Preziosa come una bionda pepita
Magnetica come una ferrosa calamita
Pregiata come una preda ghermita
Imprevedibile come una vincita riuscita
Universale come un cosmopolita
Prudente come un salvavita
Saggia come un'ascia di guerra seppellita
Umile come una suora dell'abito vestita
Semplice come una mano di gioielli sguarnita
Indipendente come una donna disinibita
Impeccabile come una ragazza compita
Ardita come un'amazzone agguerrita
Determinata come una meta conseguita
Accettabile come una parente acquisita
Rosea come una guancia colorita
Nera come la belligeranza vietnamita
Ambigua come il sesso di un sodomita
Losca come una cosca della malavita
Passiva come un verme parassita
Incallita come una ladra arricchita
Pomposa come una cortigiana di fronzoli abbellita
Assurda come un'oca erudita
Fragile come il cuore dell'acclamata Evita
Evanescente come una foto sbiadita
Labile come i petali di una rosa appassita
Vuota come una stanza ripulita
Insignificante come una cassaforte incustodita
Futile come una camicia sdrucita
Succube come una fanciulla inibita
Fiacca come un'atleta sfinita
Flemmatica come una lumaca insonnolita
Spenta come una carica esaurita
Sterile come una landa inaridita
Negata come una strega dal regno bandita
Ripudiata come una regina destituita
Straziante come un'angoscia patita
Morbosa come una vendetta accanita
Cinica come una scultura scolpita
Infida come un'innamorata indispettita
Austera come un cenobita
Fredda come una granita
Corrotta come una mela marcita
Solitaria come un eremita
Nostalgica come una pena lenita
più Antica di un troglodita.
È racchiusa nelle prelibatezze di una tavola imbandita
nei sapori di una pietanza servita
nel profumo di una pallida margherita
nelle piume variopinte di una allegra cocorita
nei saltelli della piccola Cita
nella vittoria di una sfida in differita
nell'attesa di una sorpresa gradita
nella mercede di un'operaia retribuita
nei risultati di una pista seguita
nell'utopia di una promessa svanita
nella fobia della bellezza sfiorita
nei sogni infranti di un'amante tradita
nei flashback di una storia fallita
nei rimpianti di un'amicizia finita
nei rimorsi di un'anima pentita
nella rabbia di una violenza impunita
nello sdegno di un'ingiustizia subita
nell'omertà di una bocca cucita
nella rassegnazione di una malattia regredita
nella fede di una Chiesa gremita
in una preghiera rivolta a Santa Rita
nel giubilo di una grazia esaudita.
È una romantica gita
la favola infinita della giovane Lolita.
A volte ti porta in salita
fino a toccare il cielo con le dita.
È una strana partita
giocata contro le avversità di questa ipocrita pervertita
e a volte ti senti come una pecorella smarrita.
È dalla morte rapita
e finisce con la dipartita.
Non ti da la smentita
e lascia una profonda ferita.
Dalla Nera Signora fu stordita e intorpidita
ma dopo tre giorni da essa è fuggita
e da temuta ora è ambita
e da mortale Eterna Vita!
L'onda della mia
vita
L'Onda della mia vita non è impetuosa.
Cresce piano piano
come il lento incedere di una lumaca
raccogliendo i frutti dolci e acerbi
nell'Eden dei sogni
amari e maturi dall'albero delle delusioni.
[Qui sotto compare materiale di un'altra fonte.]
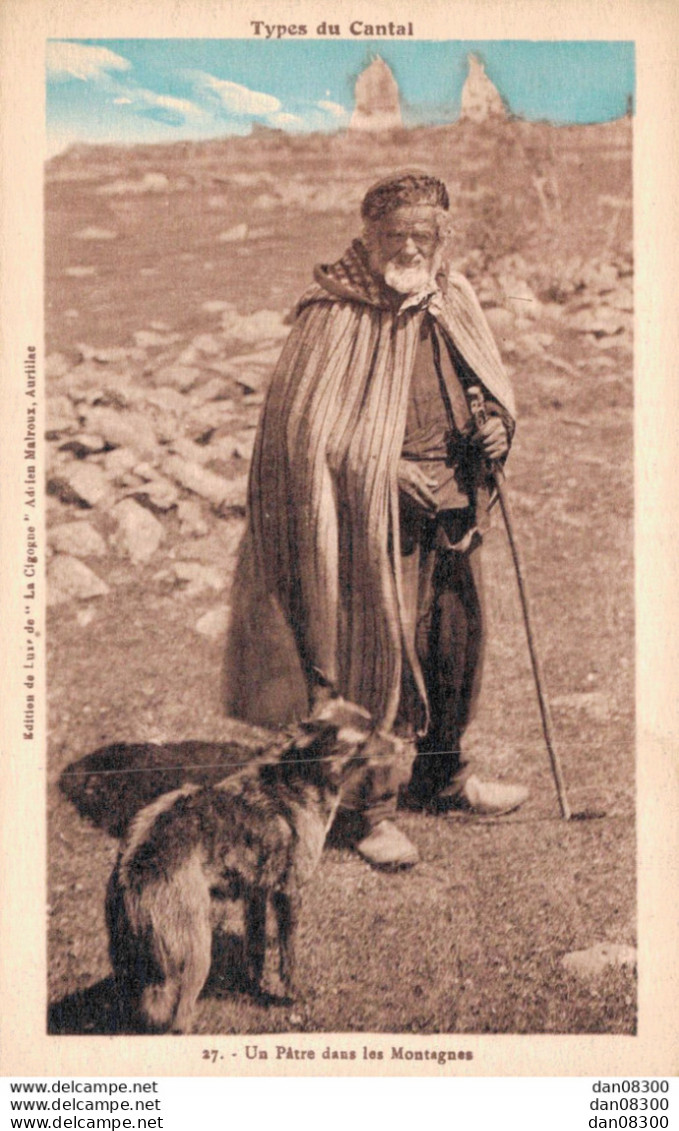 15 TYPES DU CANTAL UN PATRE DANS LES MONTAGNES - Personen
Inarrestabile scala gli agevoli e indi affannosi fianchi
della collina del tempo.
Quando avrà ingrossato il suo ventre dei doni
inviati dall'invisibile astro del destino
s'infrangerà insinuando il seme
nel grembo della madre che un dì la partorì
ritornando goccia di cenere
della opulenta donna fatta di gleba intenerita
e nutrita dall'acqua che il cielo elargisce
pigiando le nubi di pioggia e da essa rinascerà
embrione di una vacua memoria.
Sospinta dal soffio di vento
depositerà poi l'anima immortale
sulla riva del giardino celeste
sua antica e legittima dimora.
E un'anima infante sarà già pronta
a gonfiare l'onda della sua vita
con l'alito gagliardo dei suoi giovani polmoni.
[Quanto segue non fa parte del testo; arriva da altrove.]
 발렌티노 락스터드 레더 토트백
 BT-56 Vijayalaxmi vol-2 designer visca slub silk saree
Anche l'amore vuole essere libero
Una foto di gruppo, una preghiera,
un souvenir tra le dita
e nel velo opaco di una lacrima nostalgica,
nelle lucciole caliginose del miraggio
cade Alice nel Paese delle Meraviglie.
Destandosi nel clima del passato lo spettro
della coscienza si rigenera nei sorrisi perpetui
si plasma nei colori eterni.
Batti, oh spirito del tempo, sull'ago dell'inciso
dei passi già segnati nelle orme ormai cancellate.
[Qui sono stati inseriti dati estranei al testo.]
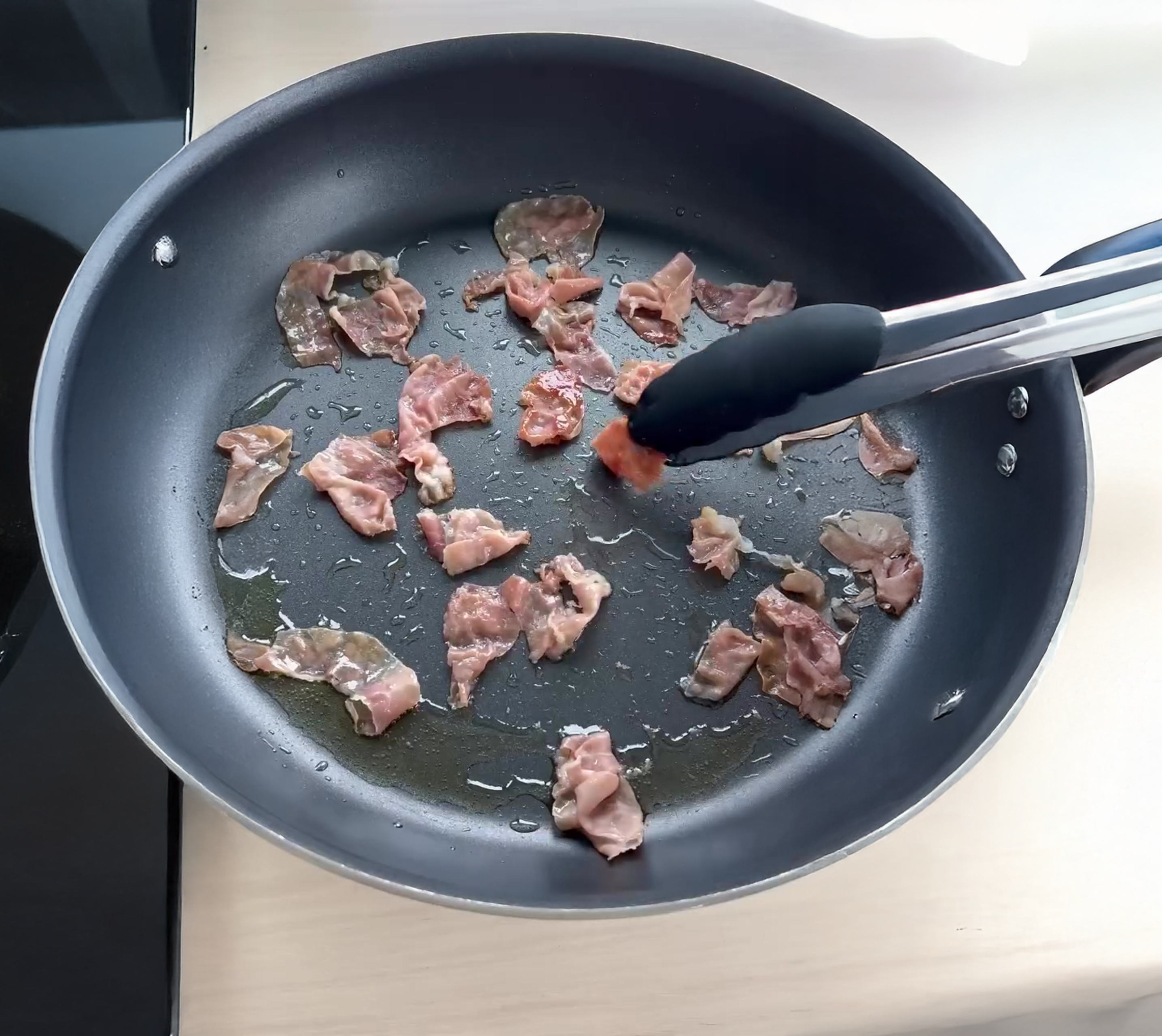 Creamy Bowtie Pasta with Peas and Prosciutto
Scorri sulla traccia di quelle ore remote
rinnovando a queste labbra il sapore puro di quell'aura
antica intrisa del profumo dei sentimenti
che regala un brivido ai sensi.
Concedi ai pensieri di vagare nel giardino tra i sentieri.
Lascia che riposino all'ombra
delle verdeggianti foglie che bisbigliano giulive
in coro nella fresca brezza stagionale.
Sole raggiante nel cielo terso di maggio
sereno nel cuore roseo di primavera.
Eco di note solitarie modulate con voce soave
risuonano nella divina notte di veglia
fra i santi protettori alloggiati nelle sacre mura
della sobria e accogliente cappella.
Anime nutrite dal pio canto religioso
come api dal nettare di un fiore.
Firme nere impresse su un foglio bianco
ma scolpiti i nostri nomi a caratteri d'oro
nella Mano di Dio.
Rinverdiscon le memorie al crepitar del fuoco vivo
che scoppietta vermiglio sulla spiaggia
e sui volti di tutti noi.
Scintilla d'amicizia guizza nel cerchio di mani
strette nella recita del Padre Nostro
calde nell'unione fraterna.
Il falò arde e, bruciando, muore lento
nella pacata e indifferente apparenza
poi, come araba fenice,
rinasce furioso dalla cenere delle sue fiamme
non del tutto sopite
nel legno secolare della nostra imperitura fede.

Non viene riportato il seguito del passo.